This fall marked the end of a long field hockey career for Giampalmo, who estimates she began playing around preschool. Soon after, she joined the Howard County-based Warhawks Field Hockey Club, where she met many of the friends she still has to this day. They played together for the next several seasons, but only during the fall. The rest of the year was dedicated to lacrosse.

Still, Giampalmo excelled as a midfielder in field hockey from an early age and continued to have success at the high school level, as Annie Jubb called her “one of the best players” on JV her freshman year. A year later, Trunzo pulled Giampalmo up to varsity and put her at the top of the diamond, making her the only sophomore starter. Her docility, diligence and discernment warranted such a move.

“She’s a smart kid, and it really reflects to how great she is on the field,” Trunzo said. “When she got on varsity as a sophomore, we were a passing team and we still are, and a lot of it is because of Jenny’s instincts. She knows her angles and she sees things, creates them.”

“She just knows what’s the right play,” added Mallory Jubb. “She knows who’s going to be where before they even get to where they are.”

Giampalmo totaled eight goals and as many assists in 14 games her sophomore campaign, earning second-team All-County honors for a Glenelg team that’s only loss came in the state semifinals. As a junior, she tallied 13 points (five goals, three assists) and was one of three All-County midfielders — Reese and Kathryn Hoffman were the others — who orchestrated the Gladiators’ first state championship run since 2012 and fourth in program history.
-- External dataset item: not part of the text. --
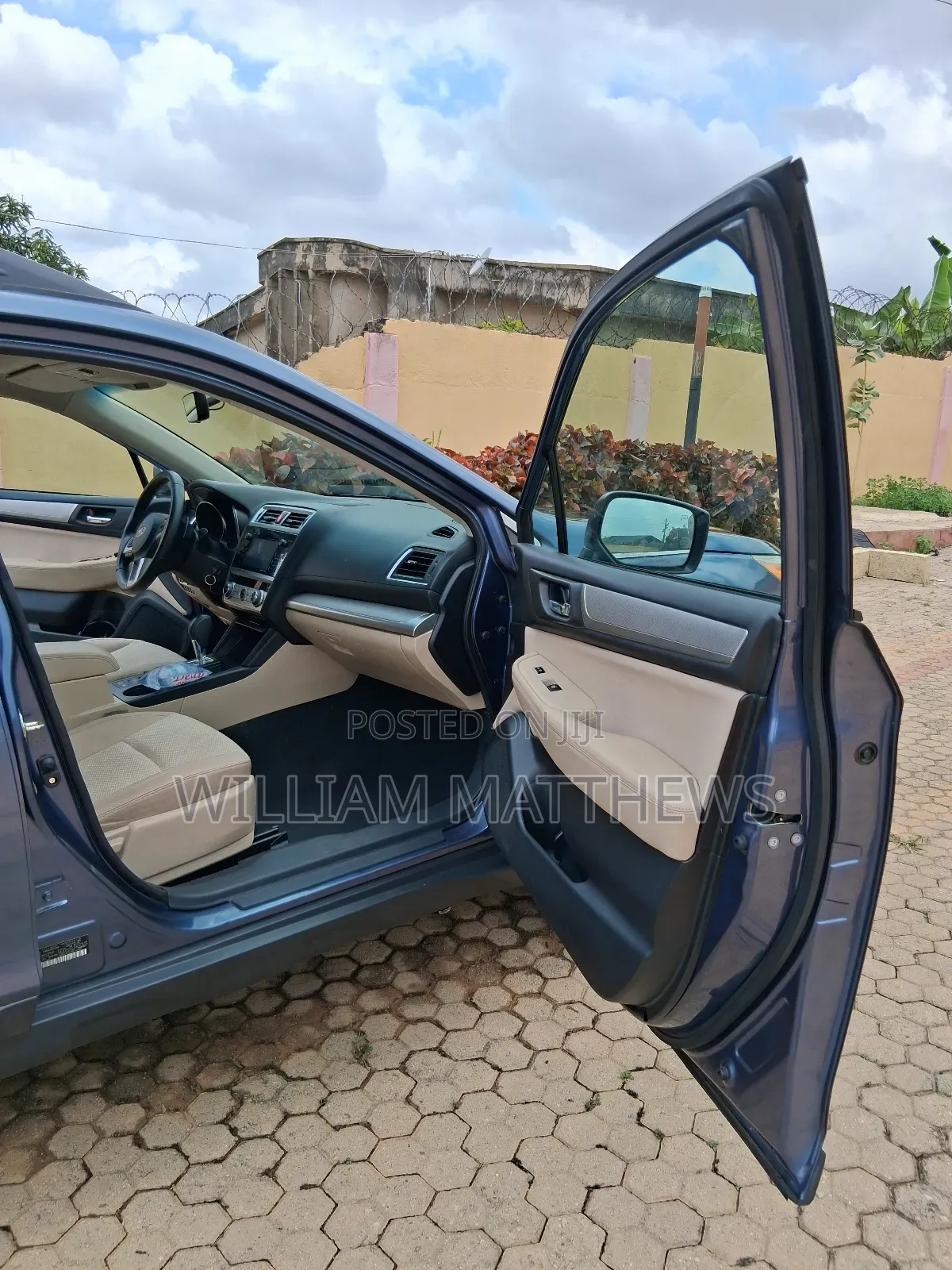 Subaru Outback 2.5i Premium AWD 2017 Blue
“She’s always fighting for the ball,” said Hoffman, whose relationship with Giampalmo began when the two were passing partners as the only underclassmen on varsity in 2016. “She never gives up and she never has an attitude. She never gets down on herself or anything. She’s just always hard working and pushing herself as hard as she can.”

As a senior captain this fall, Giampalmo did a little bit of everything for the Gladiators, who again advanced to the state semifinals before falling to Liberty.
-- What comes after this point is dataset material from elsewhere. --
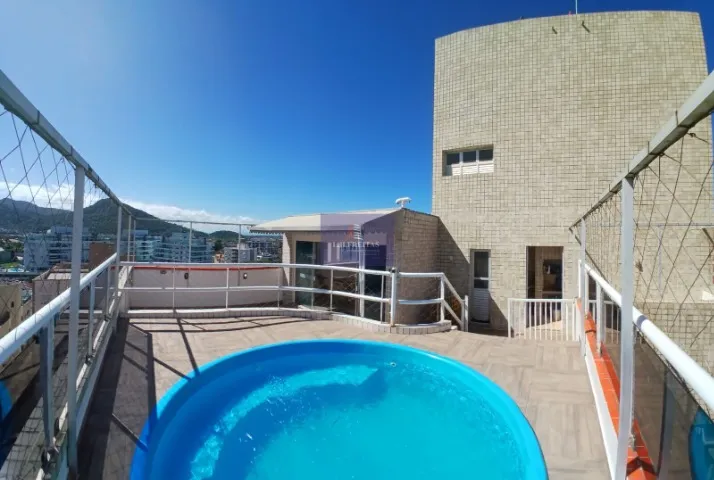 Cobertura duplex com piscina para locação anual em Caiobá!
She only scored twice but finished third in the county with 12 assists. In some games, she served as the inserter on corners, and other times she was the primary shooter. She was also a part of the corner defense, and whenever she would regain possession for her team, she’d quickly begin the transition process. Every move was calculated. If she had space, she’d weave up the field. If not, she’d find an open teammate. The timing of her hits were “always perfect,” Annie Jubb said.
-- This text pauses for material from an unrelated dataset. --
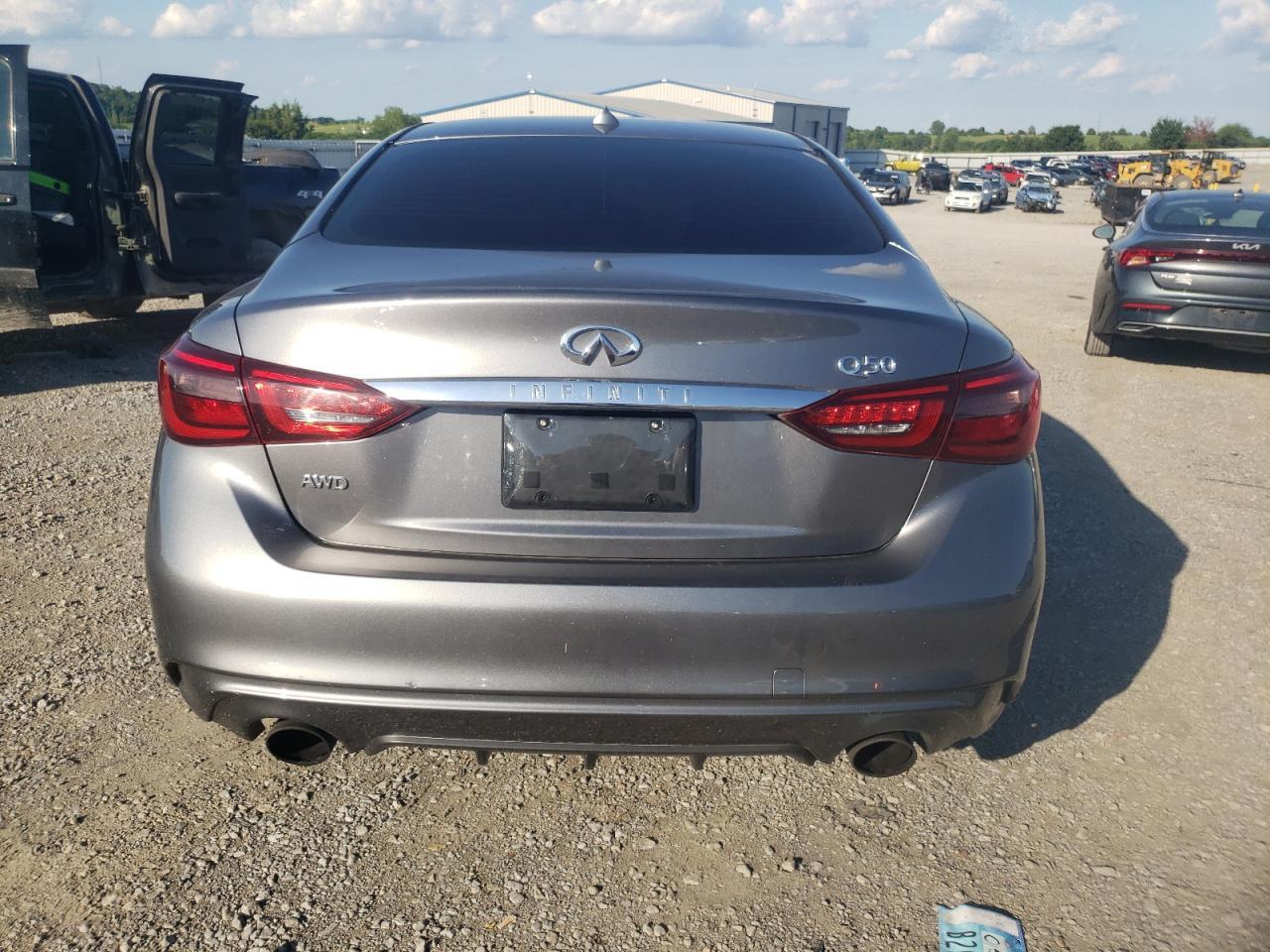 2018 Infiniti Q50 Luxe - Image 6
Hoffman added that Giampalmo was “honestly everywhere” this season, and she would not have it any other way.

“I like that at midfield, you can basically go everywhere on the field where the ball is,” Giampalmo said,” You’re not restricted by the lines like the people around [you]. So, obviously you’ve got to keep your spacing and all that, but pretty much anywhere on the field you’re expected to be, and I enjoy that because if I’m out there, I want to be around the ball.”

While playing midfield came naturally, becoming a leader took years of development. As a sophomore, Giampalmo said she rarely spoke with her varsity teammates aside from Hoffman, a fellow “youngin” as she puts it.

But over the next two seasons, Giampalmo developed confidence and realized her role within the program. She led mostly by example, according to her teammates, but knew the appropriate times to speak up, especially during her final campaign. All the while, Giampalmo was known for her unwavering positivity and support.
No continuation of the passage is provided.